Review: Impossible Creatures
Gaby Meares
Oh how I would have loved to discover this book when I was a child! Katherine Rundell has written a beautiful story populated by characters you want to know, sharing an adventure in a world you want to visit. It’s like Susan Cooper, mixed with J.R.R. Tolkien and with a dash of Philip Pullman.
Christopher Forrester has a way with animals. His mother did too, but she died nine years ago, ‘and his father had contracted, as if a weight had settled on him’. Christopher is waiting, hoping ‘that there was something more than that which he had so far seen’. Saving a baby griffin from drowning is only the beginning of his adventure.
Mal lives in Archipelago, and has learned how to fly. Her world is populated by creatures of myth and legend. But the glimourie is fading: the glimourie that all magical creatures depend on to live and thrive. How can she stop her world from disappearing?
When their worlds collide, Christopher and Mal join forces to stop the malignant power that is destroying the glimourie. Christopher knows their friendship is special, ‘that sometimes, if you are among the very lucky, a spark of understanding cuts like lightning across the space between two people’.
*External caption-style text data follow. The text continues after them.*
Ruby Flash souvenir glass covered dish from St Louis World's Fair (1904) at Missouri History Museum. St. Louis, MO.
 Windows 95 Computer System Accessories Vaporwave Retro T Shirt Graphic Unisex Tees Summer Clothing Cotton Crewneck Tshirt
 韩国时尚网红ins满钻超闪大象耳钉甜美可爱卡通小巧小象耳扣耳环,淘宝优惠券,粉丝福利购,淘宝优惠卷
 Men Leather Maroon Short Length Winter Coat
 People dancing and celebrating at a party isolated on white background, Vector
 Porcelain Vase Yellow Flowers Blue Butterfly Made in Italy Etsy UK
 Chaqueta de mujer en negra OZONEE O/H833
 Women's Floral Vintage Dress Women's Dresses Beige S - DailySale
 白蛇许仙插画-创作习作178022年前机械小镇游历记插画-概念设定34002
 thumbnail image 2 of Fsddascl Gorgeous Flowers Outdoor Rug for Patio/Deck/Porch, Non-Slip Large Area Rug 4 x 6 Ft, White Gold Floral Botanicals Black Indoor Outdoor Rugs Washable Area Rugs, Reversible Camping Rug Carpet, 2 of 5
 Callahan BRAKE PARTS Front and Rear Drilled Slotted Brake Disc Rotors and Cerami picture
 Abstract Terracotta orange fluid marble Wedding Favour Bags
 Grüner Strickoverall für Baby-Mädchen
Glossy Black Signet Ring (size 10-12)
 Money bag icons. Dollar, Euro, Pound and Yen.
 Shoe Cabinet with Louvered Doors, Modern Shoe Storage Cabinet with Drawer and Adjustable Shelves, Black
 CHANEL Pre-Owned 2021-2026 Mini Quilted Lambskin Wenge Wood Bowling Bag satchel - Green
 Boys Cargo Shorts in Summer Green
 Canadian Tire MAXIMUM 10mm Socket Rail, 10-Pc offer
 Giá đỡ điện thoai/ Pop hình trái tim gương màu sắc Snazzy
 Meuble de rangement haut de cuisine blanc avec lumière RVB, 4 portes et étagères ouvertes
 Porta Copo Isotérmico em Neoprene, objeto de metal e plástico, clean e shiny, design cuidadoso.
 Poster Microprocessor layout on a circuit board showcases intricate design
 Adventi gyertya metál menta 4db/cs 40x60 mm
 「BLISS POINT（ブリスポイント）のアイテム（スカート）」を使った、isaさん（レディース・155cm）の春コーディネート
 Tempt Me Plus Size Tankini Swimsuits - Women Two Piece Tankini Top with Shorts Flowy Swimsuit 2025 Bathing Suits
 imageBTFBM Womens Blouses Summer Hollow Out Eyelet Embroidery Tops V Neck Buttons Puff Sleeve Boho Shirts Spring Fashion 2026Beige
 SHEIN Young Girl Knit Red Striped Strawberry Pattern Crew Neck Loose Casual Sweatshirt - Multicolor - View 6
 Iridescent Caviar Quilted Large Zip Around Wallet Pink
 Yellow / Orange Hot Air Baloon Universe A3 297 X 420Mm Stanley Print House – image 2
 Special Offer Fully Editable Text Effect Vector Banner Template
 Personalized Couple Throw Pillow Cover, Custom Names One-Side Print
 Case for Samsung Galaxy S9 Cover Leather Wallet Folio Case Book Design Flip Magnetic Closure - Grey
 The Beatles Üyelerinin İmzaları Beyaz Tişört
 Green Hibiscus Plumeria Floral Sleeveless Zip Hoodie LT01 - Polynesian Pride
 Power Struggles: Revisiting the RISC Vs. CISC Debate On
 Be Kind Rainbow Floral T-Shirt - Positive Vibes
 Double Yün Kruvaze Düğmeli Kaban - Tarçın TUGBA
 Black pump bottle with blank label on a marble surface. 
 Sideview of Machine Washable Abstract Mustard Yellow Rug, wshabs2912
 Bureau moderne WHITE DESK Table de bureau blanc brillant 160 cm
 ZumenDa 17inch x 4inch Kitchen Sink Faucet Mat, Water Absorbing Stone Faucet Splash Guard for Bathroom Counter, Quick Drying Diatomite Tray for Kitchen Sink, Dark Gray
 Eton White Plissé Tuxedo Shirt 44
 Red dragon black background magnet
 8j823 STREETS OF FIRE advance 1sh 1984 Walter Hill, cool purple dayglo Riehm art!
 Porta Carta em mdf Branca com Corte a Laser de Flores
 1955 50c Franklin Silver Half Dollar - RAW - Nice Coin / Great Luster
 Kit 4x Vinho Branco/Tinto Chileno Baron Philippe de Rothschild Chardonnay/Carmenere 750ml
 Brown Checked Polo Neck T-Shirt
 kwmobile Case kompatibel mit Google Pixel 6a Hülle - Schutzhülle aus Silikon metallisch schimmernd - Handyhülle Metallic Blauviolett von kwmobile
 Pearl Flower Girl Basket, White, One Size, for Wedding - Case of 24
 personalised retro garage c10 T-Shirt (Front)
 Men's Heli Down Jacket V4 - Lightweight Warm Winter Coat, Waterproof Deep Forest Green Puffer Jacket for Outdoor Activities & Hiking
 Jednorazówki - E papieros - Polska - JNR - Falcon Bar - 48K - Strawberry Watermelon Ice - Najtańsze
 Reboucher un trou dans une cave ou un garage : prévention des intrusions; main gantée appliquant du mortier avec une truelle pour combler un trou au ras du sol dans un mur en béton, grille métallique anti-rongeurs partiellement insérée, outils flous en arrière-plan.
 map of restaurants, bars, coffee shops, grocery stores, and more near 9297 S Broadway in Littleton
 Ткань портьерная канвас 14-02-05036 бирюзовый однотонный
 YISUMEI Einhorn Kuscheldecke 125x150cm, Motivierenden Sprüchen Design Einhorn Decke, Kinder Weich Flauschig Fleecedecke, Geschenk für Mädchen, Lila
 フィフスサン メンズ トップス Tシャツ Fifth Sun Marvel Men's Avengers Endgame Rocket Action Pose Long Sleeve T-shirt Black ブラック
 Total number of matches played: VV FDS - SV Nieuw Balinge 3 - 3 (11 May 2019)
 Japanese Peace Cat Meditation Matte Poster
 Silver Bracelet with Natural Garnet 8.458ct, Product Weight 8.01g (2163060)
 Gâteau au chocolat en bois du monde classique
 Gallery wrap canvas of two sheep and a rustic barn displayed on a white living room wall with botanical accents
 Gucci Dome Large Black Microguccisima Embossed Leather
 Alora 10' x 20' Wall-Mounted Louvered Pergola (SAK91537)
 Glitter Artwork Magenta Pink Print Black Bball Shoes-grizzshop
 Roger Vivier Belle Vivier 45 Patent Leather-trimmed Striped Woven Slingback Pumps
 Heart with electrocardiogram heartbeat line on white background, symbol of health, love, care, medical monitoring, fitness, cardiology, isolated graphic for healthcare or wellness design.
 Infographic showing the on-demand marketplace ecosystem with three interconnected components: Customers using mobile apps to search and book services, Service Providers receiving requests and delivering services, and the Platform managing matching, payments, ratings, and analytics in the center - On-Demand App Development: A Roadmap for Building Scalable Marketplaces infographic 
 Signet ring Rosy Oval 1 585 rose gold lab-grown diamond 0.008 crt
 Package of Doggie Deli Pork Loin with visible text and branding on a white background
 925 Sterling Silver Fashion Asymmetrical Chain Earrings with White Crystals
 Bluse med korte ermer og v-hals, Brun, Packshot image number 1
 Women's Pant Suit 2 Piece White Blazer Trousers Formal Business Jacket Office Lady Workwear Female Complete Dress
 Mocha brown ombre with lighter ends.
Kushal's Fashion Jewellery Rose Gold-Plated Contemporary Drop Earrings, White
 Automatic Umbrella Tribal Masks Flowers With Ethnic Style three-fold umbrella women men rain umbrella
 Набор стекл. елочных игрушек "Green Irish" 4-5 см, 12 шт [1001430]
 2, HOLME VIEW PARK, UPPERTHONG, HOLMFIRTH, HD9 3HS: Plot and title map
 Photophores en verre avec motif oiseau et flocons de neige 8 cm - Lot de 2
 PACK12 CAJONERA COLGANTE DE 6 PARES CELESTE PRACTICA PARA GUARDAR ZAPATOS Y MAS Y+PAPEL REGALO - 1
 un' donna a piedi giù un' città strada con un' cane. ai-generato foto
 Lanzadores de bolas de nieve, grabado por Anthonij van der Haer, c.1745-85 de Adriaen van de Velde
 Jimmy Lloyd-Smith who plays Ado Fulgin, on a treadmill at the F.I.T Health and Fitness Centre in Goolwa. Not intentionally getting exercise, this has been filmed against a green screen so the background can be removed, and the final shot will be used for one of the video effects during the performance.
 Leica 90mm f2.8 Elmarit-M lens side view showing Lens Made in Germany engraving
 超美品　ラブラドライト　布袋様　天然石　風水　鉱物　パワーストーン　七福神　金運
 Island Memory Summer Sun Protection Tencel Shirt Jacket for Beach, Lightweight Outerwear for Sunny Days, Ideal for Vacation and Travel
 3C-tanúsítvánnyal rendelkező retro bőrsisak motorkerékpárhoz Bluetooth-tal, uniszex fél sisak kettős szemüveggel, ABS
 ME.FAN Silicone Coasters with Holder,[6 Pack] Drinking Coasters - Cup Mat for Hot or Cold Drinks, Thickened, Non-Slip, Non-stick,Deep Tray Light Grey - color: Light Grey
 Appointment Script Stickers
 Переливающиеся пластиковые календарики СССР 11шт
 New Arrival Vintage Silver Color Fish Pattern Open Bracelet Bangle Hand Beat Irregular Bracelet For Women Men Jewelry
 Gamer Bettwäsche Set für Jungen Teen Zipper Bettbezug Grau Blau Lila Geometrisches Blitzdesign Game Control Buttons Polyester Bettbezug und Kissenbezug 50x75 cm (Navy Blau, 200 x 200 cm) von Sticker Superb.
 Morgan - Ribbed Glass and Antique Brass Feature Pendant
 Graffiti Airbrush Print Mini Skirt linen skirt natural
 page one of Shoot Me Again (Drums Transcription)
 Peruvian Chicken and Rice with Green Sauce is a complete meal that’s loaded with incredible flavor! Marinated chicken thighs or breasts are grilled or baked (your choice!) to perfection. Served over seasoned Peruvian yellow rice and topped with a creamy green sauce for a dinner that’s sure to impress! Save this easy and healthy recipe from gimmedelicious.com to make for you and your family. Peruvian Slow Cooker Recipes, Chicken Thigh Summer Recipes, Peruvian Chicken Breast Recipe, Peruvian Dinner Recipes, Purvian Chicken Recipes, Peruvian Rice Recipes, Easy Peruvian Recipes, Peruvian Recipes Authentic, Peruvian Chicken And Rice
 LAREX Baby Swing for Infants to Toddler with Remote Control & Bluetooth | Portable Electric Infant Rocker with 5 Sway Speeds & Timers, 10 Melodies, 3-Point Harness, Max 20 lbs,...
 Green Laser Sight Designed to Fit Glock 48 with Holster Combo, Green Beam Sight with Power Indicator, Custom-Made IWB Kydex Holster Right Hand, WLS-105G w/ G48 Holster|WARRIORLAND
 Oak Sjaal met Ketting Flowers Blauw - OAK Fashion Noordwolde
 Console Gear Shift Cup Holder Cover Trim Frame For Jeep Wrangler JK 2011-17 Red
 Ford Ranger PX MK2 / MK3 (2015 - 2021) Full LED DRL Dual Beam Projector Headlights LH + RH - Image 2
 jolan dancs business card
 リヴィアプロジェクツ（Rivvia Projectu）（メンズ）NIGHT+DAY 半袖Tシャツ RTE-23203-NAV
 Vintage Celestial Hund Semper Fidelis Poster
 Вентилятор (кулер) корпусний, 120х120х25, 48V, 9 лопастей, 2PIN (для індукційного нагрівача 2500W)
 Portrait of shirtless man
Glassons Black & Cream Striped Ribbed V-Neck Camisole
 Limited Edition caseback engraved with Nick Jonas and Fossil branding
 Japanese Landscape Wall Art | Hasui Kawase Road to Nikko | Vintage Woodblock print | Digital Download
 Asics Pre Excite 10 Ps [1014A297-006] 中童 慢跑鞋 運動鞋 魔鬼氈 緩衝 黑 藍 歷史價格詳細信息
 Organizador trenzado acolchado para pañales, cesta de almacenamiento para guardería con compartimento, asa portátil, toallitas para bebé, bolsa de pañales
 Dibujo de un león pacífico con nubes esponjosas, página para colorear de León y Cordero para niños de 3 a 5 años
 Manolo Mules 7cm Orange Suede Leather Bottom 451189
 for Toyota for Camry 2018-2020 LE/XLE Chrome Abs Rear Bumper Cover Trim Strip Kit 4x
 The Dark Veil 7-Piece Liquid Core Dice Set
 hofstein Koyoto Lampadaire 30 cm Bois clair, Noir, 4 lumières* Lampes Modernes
This book is perfect. It has wonderful creatures (and terrifying ones too), it has riddles (just like The Hobbit), it has wry humour and frightening obstacles for Mal and Christopher to overcome so they can save not only the Archipelago, but our world too. But the best thing about this book is the friendship that Mal and Christopher share - it’s the sort of friendship we all yearn for and if we’re lucky, might only get once in our lives, ‘but once is enough. You need it only once - so that you may know what your human heart is capable of’.
This is the best kids’ book I have read this year. Just brilliant.